14年ぶりの優勝をかけたシーズンの最終盤を、どんな心境で迎えているか。 柏レイソルのリカルド・ロドリゲス監督は報道陣に…

 14年ぶりの優勝をかけたシーズンの最終盤を、どんな心境で迎えているか。

 柏レイソルのリカルド・ロドリゲス監督は報道陣に問われると、ある格言を紹介した。

 「サッカーは、与えた分だけ、与え返してくれる」

 質の高いプレーをサッカーに「与え」続けたら、サッカーの神様は自分たちにほほえんでくれるはず――。

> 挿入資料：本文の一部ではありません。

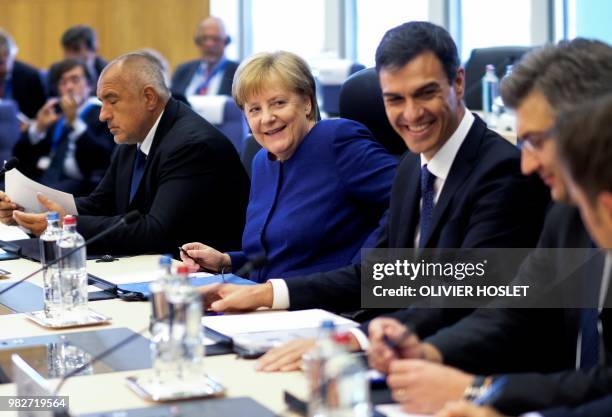 German Chancellor Angela Merkel speaks with Spanish Prime Minister Pedro Sanchez alongside Bulgaria's Prime Minister Boyko Borissov during a summit...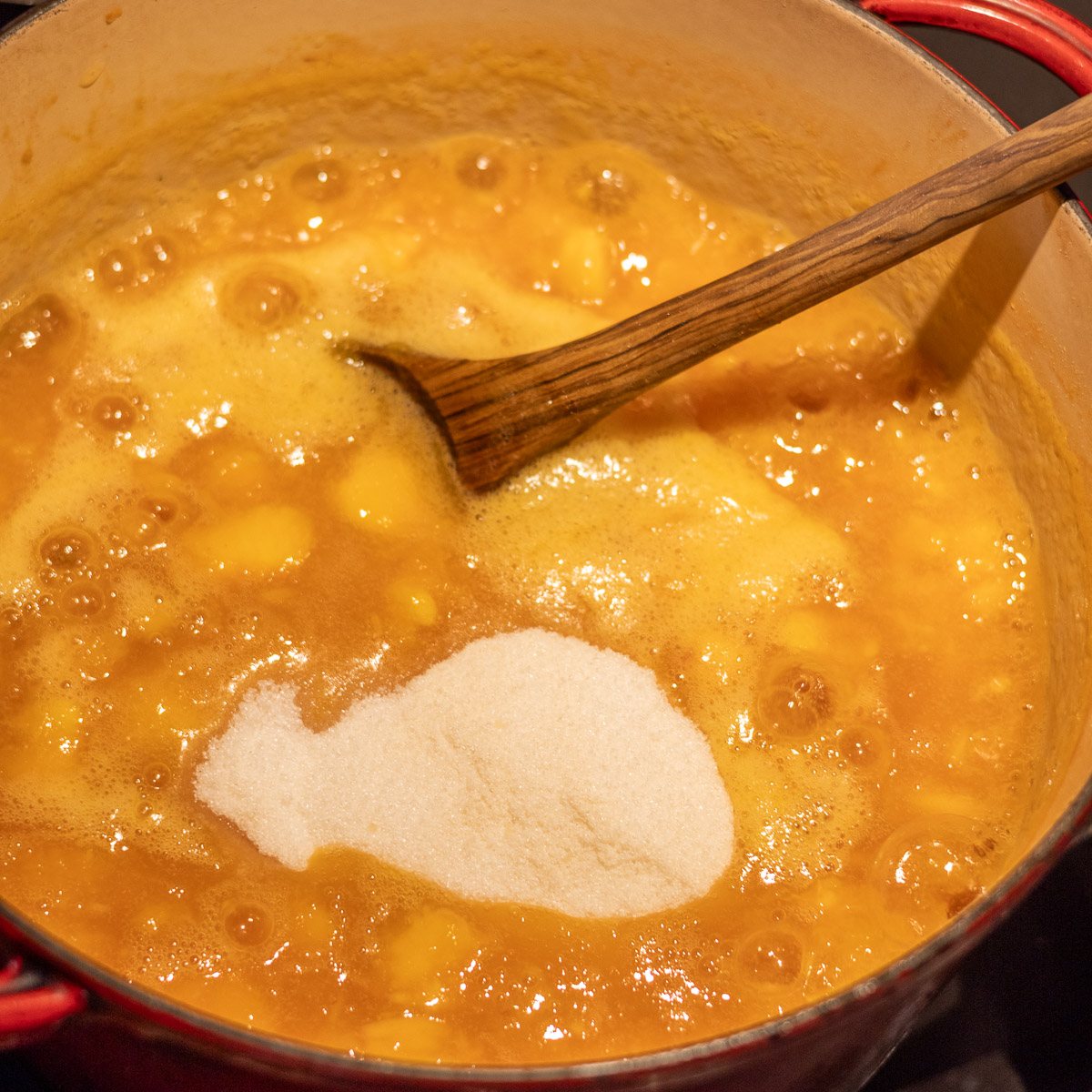 Sugar/pectin mixture in boiling mashed peaches.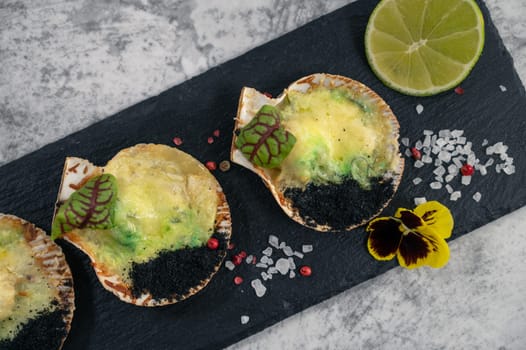 Delicacy roasted scallops with cheese spices and chuka algae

 好んで使うというスペイン語の言葉には、貫いてきたスタイルへの自信が表れている。

 ロドリゲス氏は今季から柏の監督に就任し、近年の堅守速攻から、細かくパスをつなぐ攻撃的なチームへとスタイルを変えた。

 現場に混乱はなかったのか。22年まで柏一筋でプレーしてきた大谷秀和コーチは「不安より、楽しみが大きかった。アカデミー(育成組織)出身の選手には、慣れ親しんだ部分があるはずだから」と振り返る。

 DF古賀太陽、MF山田雄士、MF熊坂光希、FW細谷真大。柏の主力には、育成組織出身の選手が複数人いる。彼らが学生時代に学んできたのは、ボールを大事にし、自ら主導権を握るサッカーだ。

 最終節前までで、パス総数が2万回を超えているのはJ1で柏だけ。主将の古賀が「無意識下でも自然と表現できた」と言えば、細谷も「(今年の方が)レイソルらしいと感じる」。攻撃的なスタイルは、クラブが本来大事にしてきたものへの回帰でもある。

 ロドリゲス監督は、2017年から徳島ヴォルティスや浦和レッズなどのJクラブを率いてきた。日本で過ごし、「クオリティーが高い」と感じたチームは二つ。

 鬼木達監督の下で4度優勝した川崎フロンターレと、アンジェ・ポステコグルー監督が率いて19年に優勝した横浜Fマリノス。ともに、攻撃に強みをもつチームだった。

 過去の王者に負けじと、本来の「柏らしさ」を取り戻した自負があるからこそ、こう言える。